Your instructions: Nothing but the exact text of the entries should appear in your answer; pictures stay out.

Records from a collection:
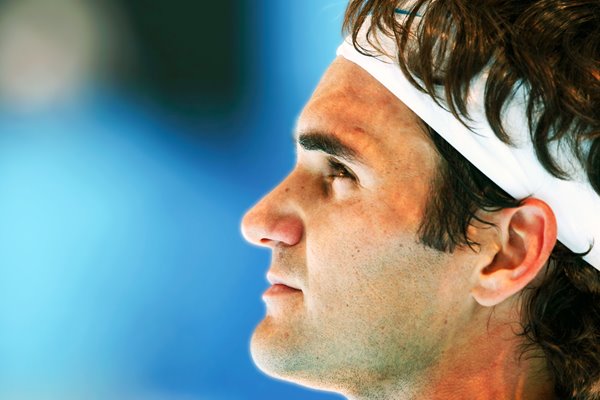 Roger Federer 2010 Australian Open 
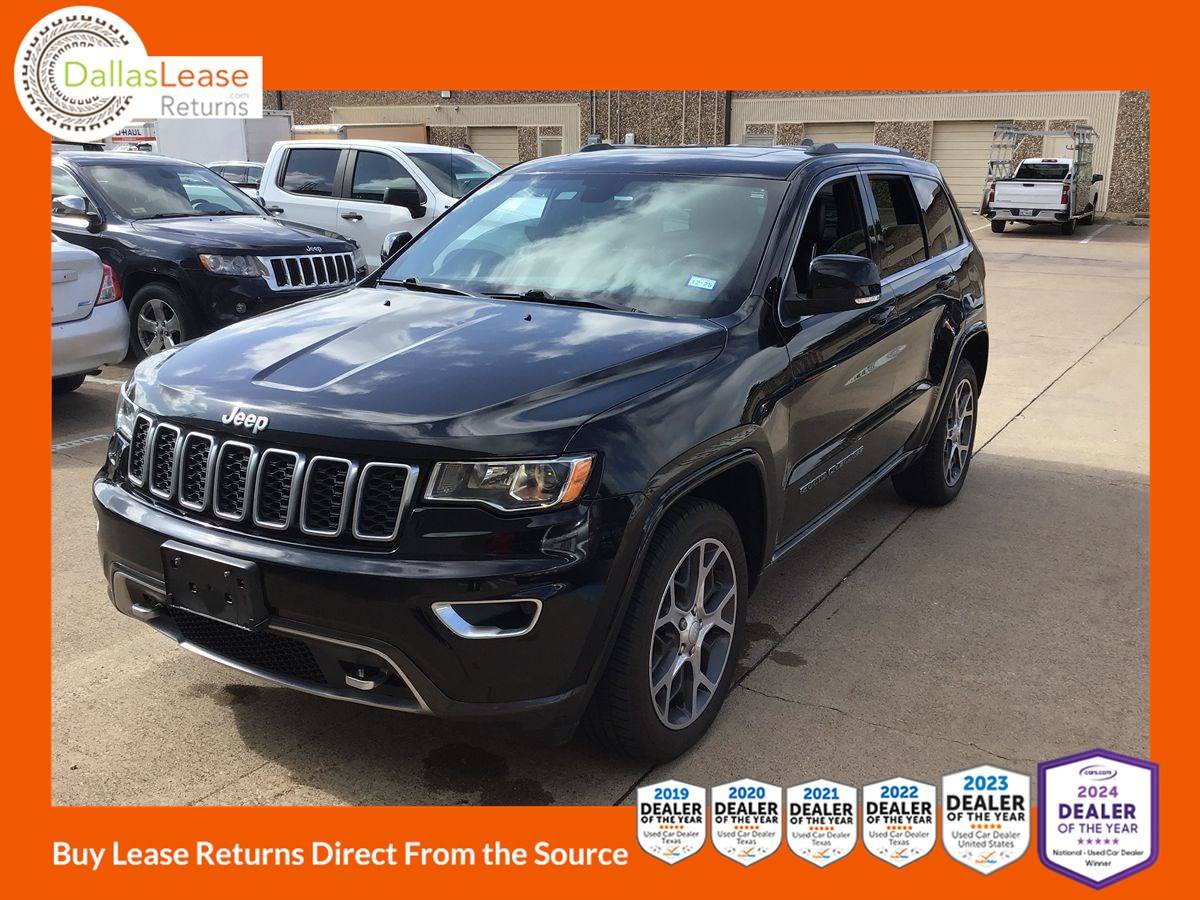 2018 Jeep Grand Cherokee Sterling Edition — SUV — 61,857 mi — Dallas, TX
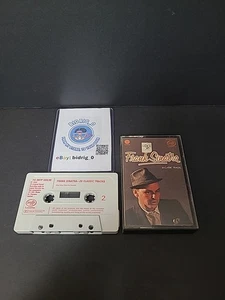 FRANK SINATRA 20 CLASSIC TRACKS CASSETTE TAPE 1981 - Picture 1 of 2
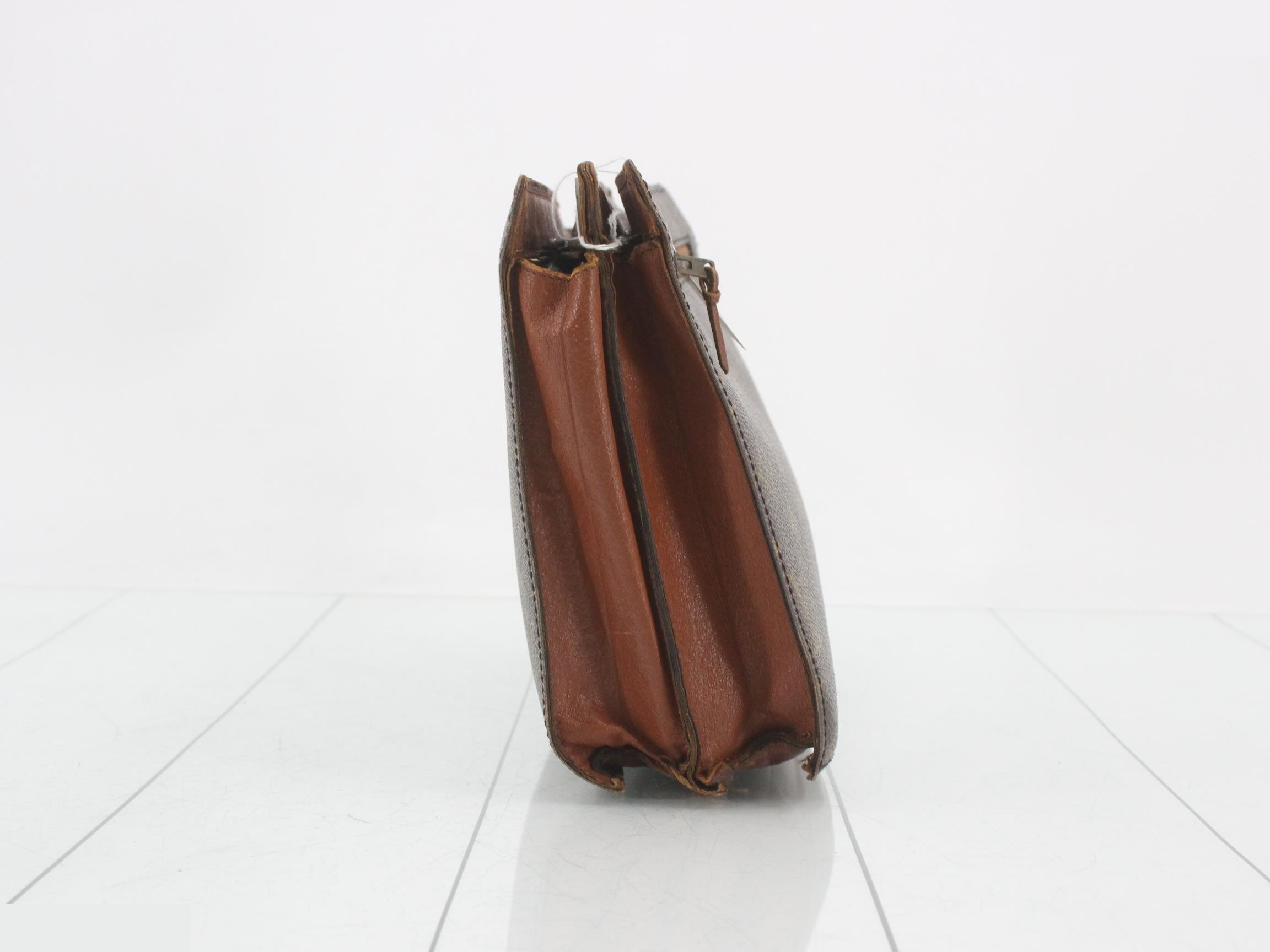 Monogram Clutch Bag — view 4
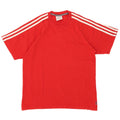 Adidas Herren T-Shirt Top Small Rot Baumwolle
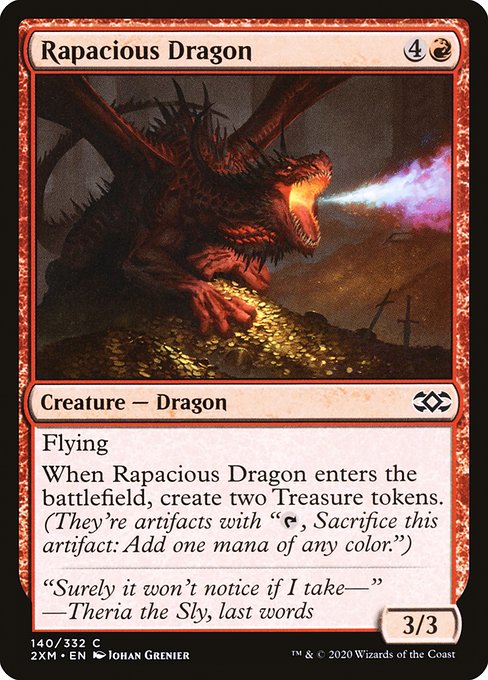 Rapacious Dragon - Nonfoil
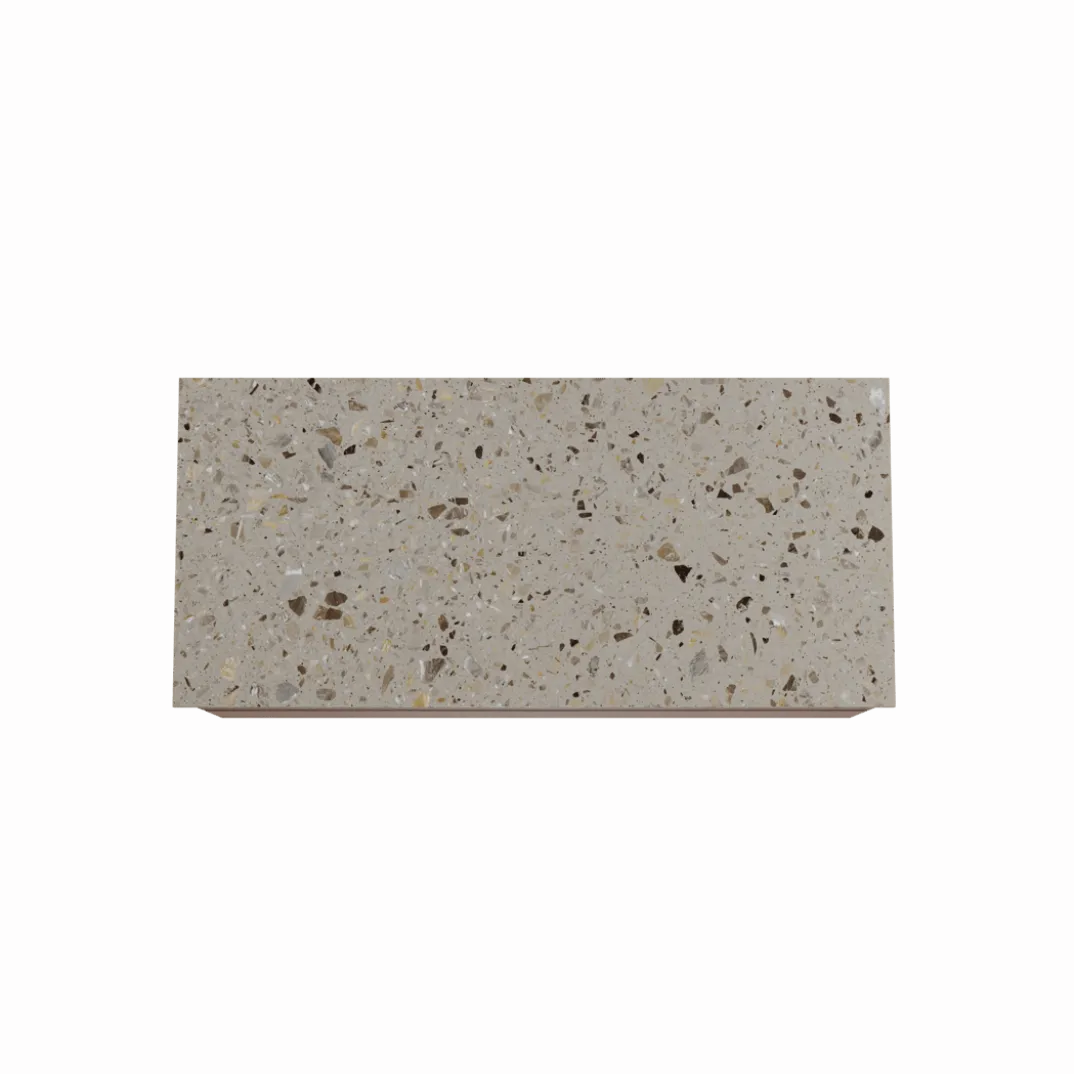 Balmani Mitra badkamermeubel met Stretto wastafelblad voor waskom(men)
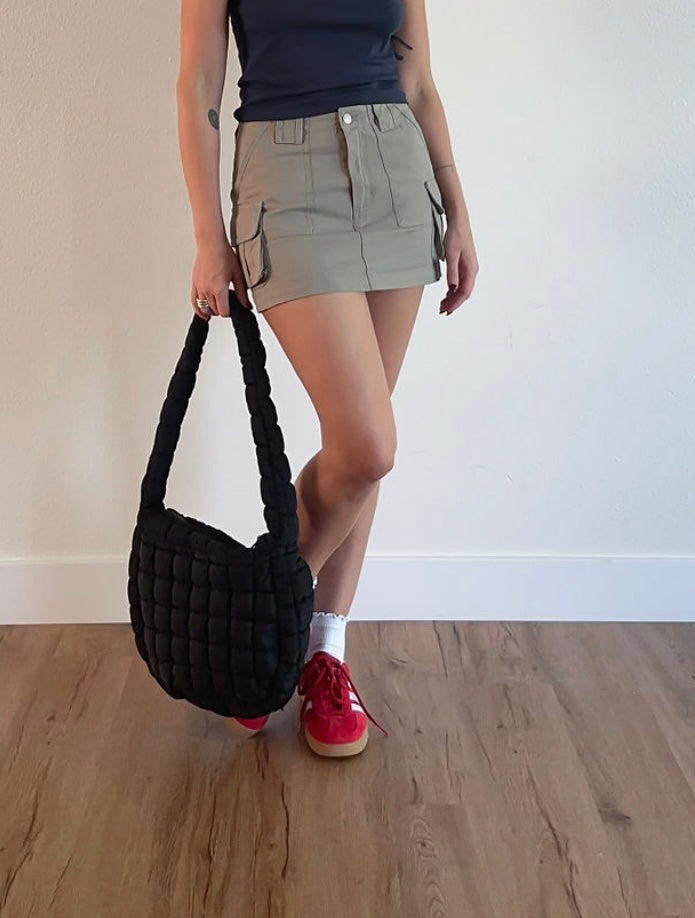 All In Quilted Bag - FINAL SALE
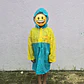 IMPERMEABLE PARA NIÑOS CON CAPUCHA Y AMPLIACIÓN PARA MOCHILA MOD# TH-168 ☔🌧️ - Miniatura 11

Solution to this task:
 Roger Federer 2010 Australian Open 
 2018 Jeep Grand Cherokee Sterling Edition — SUV — 61,857 mi — Dallas, TX
 FRANK SINATRA 20 CLASSIC TRACKS CASSETTE TAPE 1981 - Picture 1 of 2
 Monogram Clutch Bag — view 4
 Adidas Herren T-Shirt Top Small Rot Baumwolle
 Rapacious Dragon - Nonfoil
 Balmani Mitra badkamermeubel met Stretto wastafelblad voor waskom(men)
 All In Quilted Bag - FINAL SALE
 IMPERMEABLE PARA NIÑOS CON CAPUCHA Y AMPLIACIÓN PARA MOCHILA MOD# TH-168 ☔🌧️ - Miniatura 11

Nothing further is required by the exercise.